From the science fiction prologue, a parodically crude combination of live action and animation.

From the science fiction prologue, a parodically crude combination of live action and animation.

The opening of the film takes place in the far-flung future, in a live action space station populated by live action actors in blue spacesuits and with crudely animated heads. It’s ludicrous, it looks wretched, and it seems tailor-made for the accompaniment of hallucinogens. The characters talk about an imminent invasion from an alien race; you won’t be paying attention to a word they’re saying. According to Fred Patten at Cartoon Research, Tezuka claimed this was a deliberate joke, a parodic inversion of the Clutch Cargo/Space Angel/Captain Fathom “Syncro-Vox” shows of Cambria Studios. But it’s an early sign of trouble that the humor doesn’t register as intentional. Actually, the science fiction prologue and epilogue have nothing to do with the events of the story itself, and feel tacked on at the last moment, whether or not they actually were. Our astronauts will be projecting their minds back in time, occupying the bodies of characters in the age of Cleopatra – ostensibly to learn the background of a “Cleopatra” scheme employed in the future war. The time travel scene is humorous and imaginative, which is a more positive sign. Then we’re launched into an extended historical epic featuring topless women, cartoon humor, abstract sex scenes, and straight-faced melodrama. None of these elements play nice with each other.

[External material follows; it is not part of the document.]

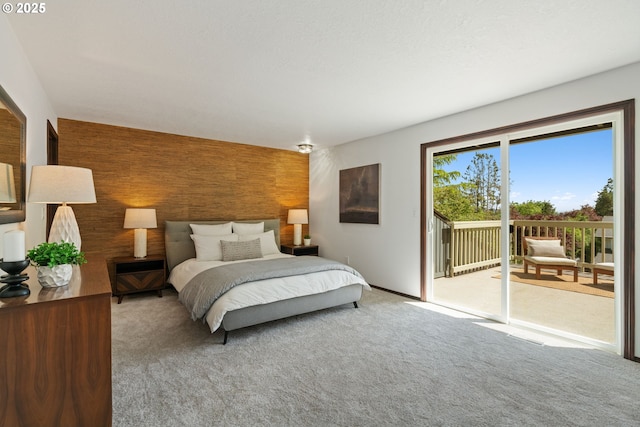 2845 SW Raleighview Dr, Portland, OR 97225 - bedroom with access to outside, carpet flooring, and an accent wall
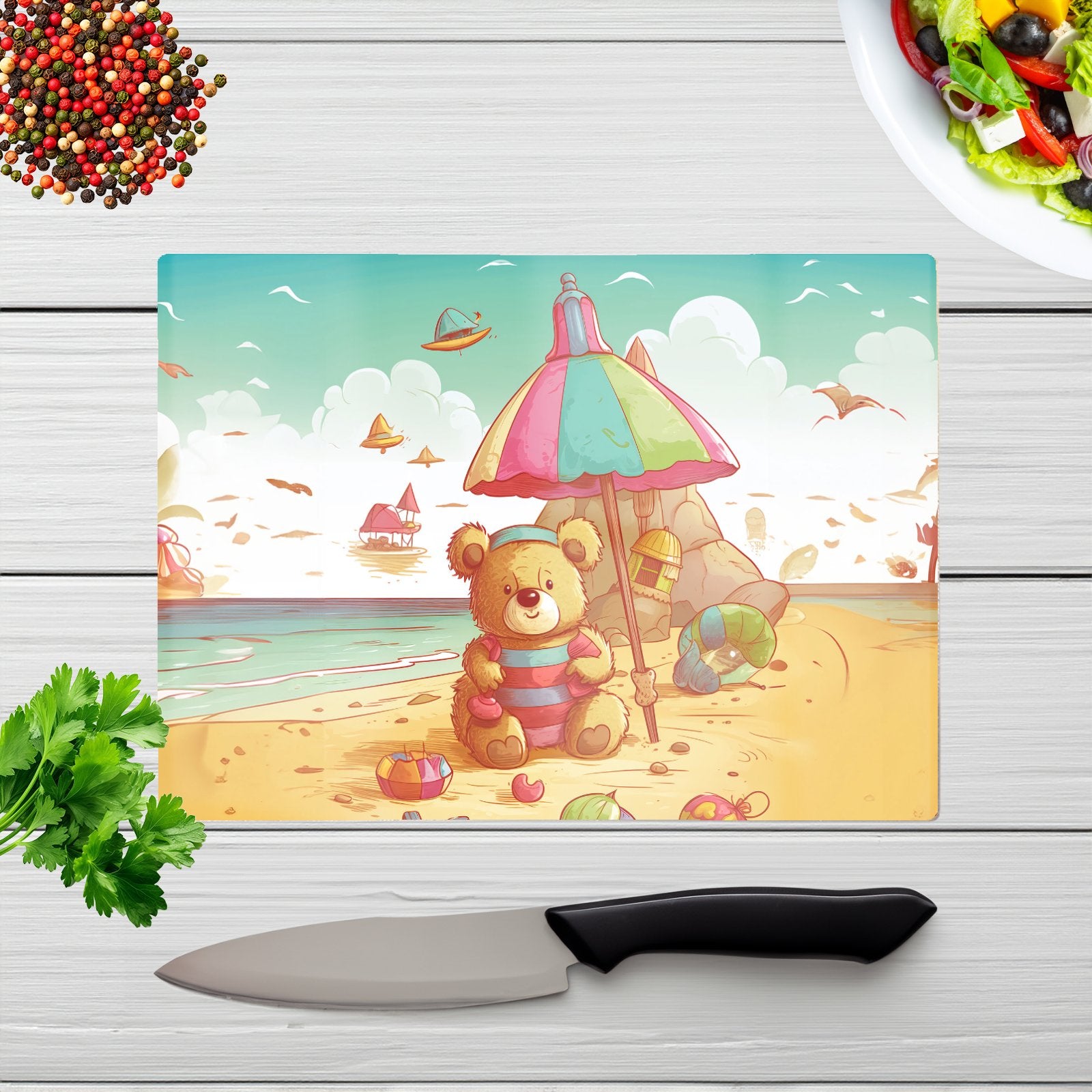Lucky Teddy Bear On A Beach Holiday Glass Chopping Board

A parade to celebrate Cleopatra becomes an homage to various famous artists, including Degas, Dali, and Bosch, among many others.

A parade to celebrate Cleopatra becomes an homage to various famous artists, including Degas, Dali, and Bosch, among many others.

It’s easy to make Cleopatra sound better than it is. In fact, the film is filled with inspired (or at least unexpected) moments – it’s just that none of it meshes, and the story plods along with characters that don’t sustain our interest; we’re left just waiting for the next crazy little thing to pop up. And they do pop up frequently. Cleopatra, we learn, is actually an ugly prostitute with powerful vaginal muscles that can kill a man. An underground rebellion hatches a plan for this Cleopatra to seduce and kill Julius Caesar (who is portrayed with Martian-green skin). But first she must become beautiful – so she’s taken down the Nile to a sorcerer who already has Frankenstein’s monster lying on the slab when she arrives. The magician sculpts her a new face and body, shaping it like clay, making the breasts big, the waist small, the nose and chin pointy. Then she’s folded up into a package to be secreted into Caesar’s chamber. Caesar sees through the plot, but he also falls instantly in love with Cleopatra – and she eventually falls for him, neglecting her assassination scheme. She bears him a son, and…look, you won’t care. What you are much more likely to remember is Cleopatra’s parade (the film’s highlight), which becomes a tribute to Botticelli’s Venus, the Mona Lisa (topless), the can-can dancers and ballerinas of Degas, the flaming giraffes of Dalí, the abstract figures of Miró, and many more, in a playful sequence that dazzles with its variety of animated styles. (The can-can dancers are rotoscoped like the “Lucy in the Sky with Diamonds” number in Yellow Submarine; the ballerinas are presented as though the painting has come to life; etc.) The assassination of Julius Caesar is presented as kabuki theater – The Anime Encyclopedia by Jonathan Clements and Helen McCarthy indicates it is a parody of a scene in Chushingura, the story of the 47 Ronin. As with A Thousand and One Nights, the sex scenes are presented at a remove, becoming abstract sketches of erotic shapes slipping against one another, or collapsing and separating in a split-screen that somewhat suggests parting legs or bodies merging. The raincoat crowd will be disappointed by that, particularly because when Caesar joins Cleopatra in her bath, the lens seems to steam up, buttocks and breasts and caressing hands slip through the water, and it’s quite evident that Tezuka’s animators can pull off a more straightforward sensuality.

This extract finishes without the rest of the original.